**SOURCE INFORMATION**
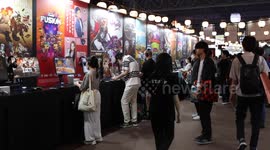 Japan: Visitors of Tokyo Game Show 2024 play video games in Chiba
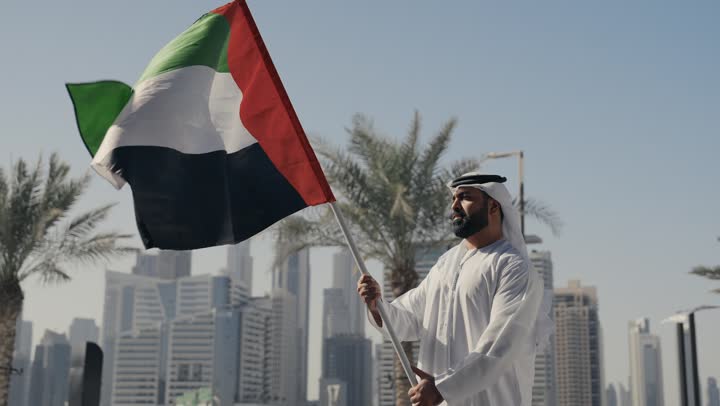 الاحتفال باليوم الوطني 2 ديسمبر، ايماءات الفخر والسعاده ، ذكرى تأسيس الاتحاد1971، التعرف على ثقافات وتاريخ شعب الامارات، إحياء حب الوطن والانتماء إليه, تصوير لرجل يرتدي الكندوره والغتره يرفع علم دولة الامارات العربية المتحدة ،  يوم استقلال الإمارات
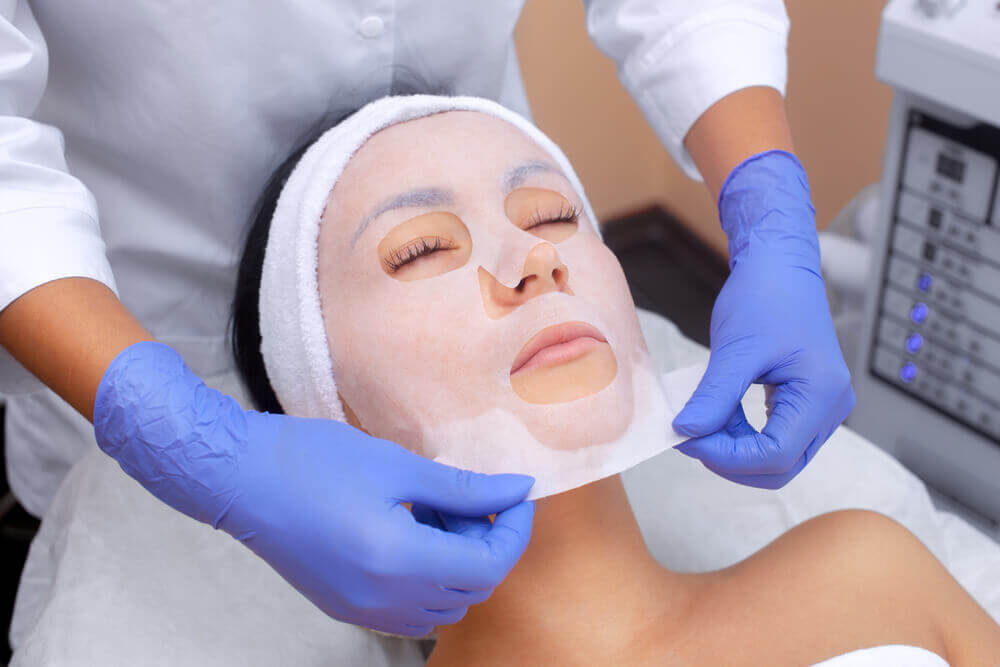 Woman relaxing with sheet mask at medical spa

...

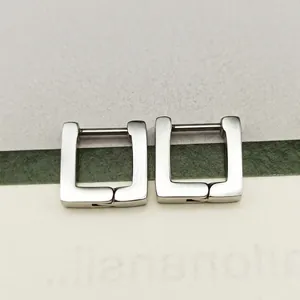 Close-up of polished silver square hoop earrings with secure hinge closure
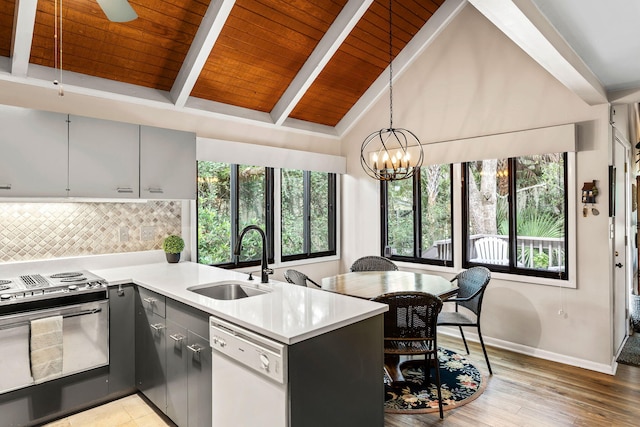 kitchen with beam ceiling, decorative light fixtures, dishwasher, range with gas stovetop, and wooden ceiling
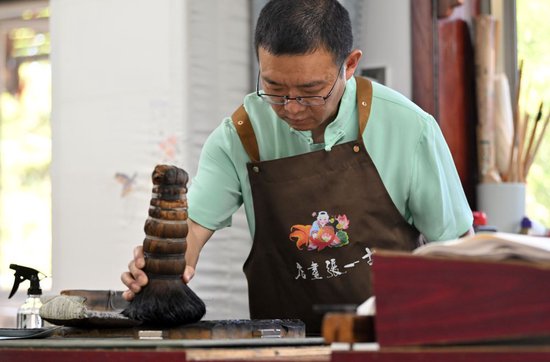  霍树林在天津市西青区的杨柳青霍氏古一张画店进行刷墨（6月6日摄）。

==

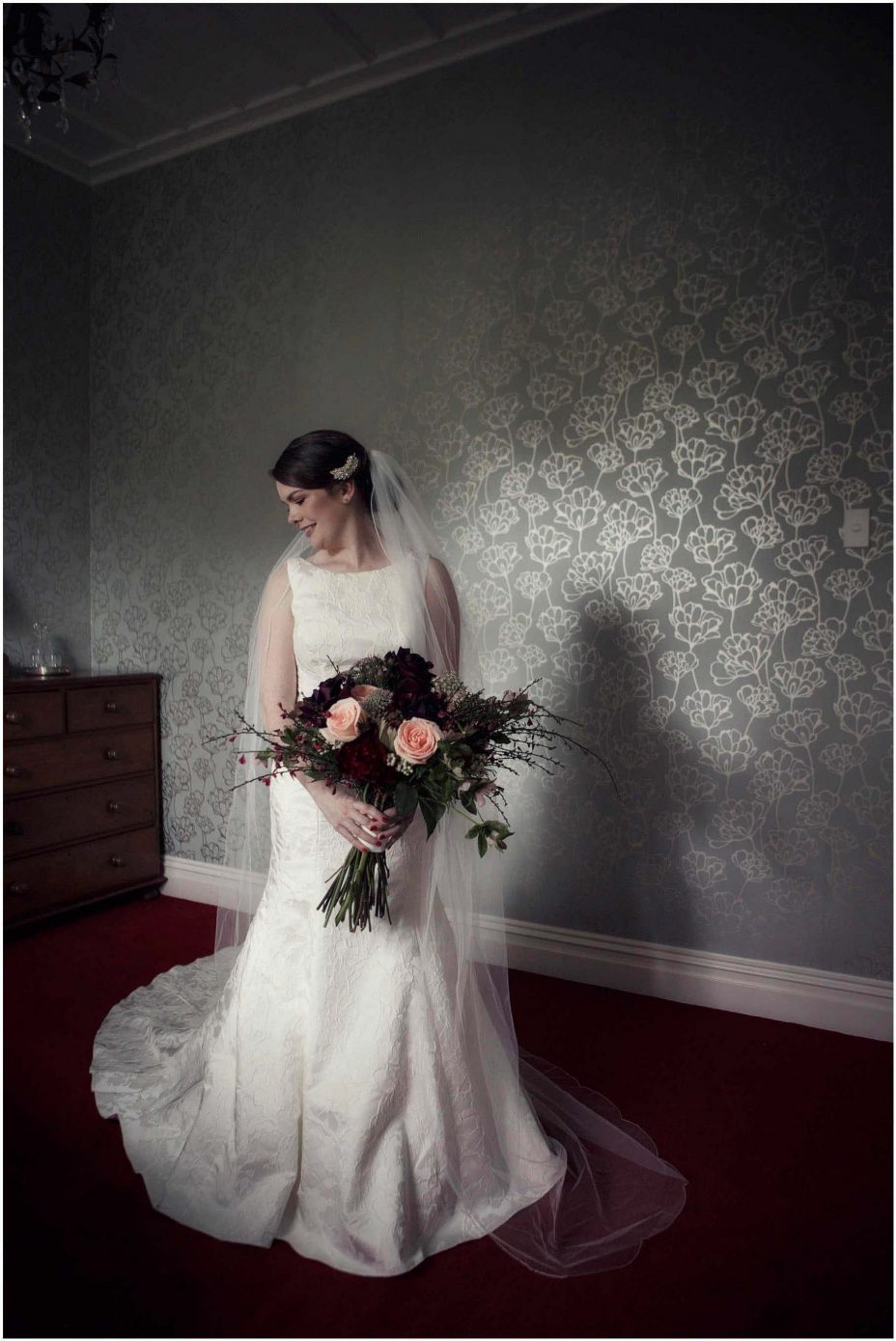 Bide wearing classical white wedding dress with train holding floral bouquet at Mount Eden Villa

**EXERCISE DIRECTIONS**
In the listing above, the required lines run from the line with "الاحتفال باليوم الوطني" through the line with "Woman relaxing with". Output exactly those lines, omitting pictures.

**REPLY TO THE EXERCISE**
 الاحتفال باليوم الوطني 2 ديسمبر، ايماءات الفخر والسعاده ، ذكرى تأسيس الاتحاد1971، التعرف على ثقافات وتاريخ شعب الامارات، إحياء حب الوطن والانتماء إليه, تصوير لرجل يرتدي الكندوره والغتره يرفع علم دولة الامارات العربية المتحدة ،  يوم استقلال الإمارات
 Woman relaxing with sheet mask at medical spa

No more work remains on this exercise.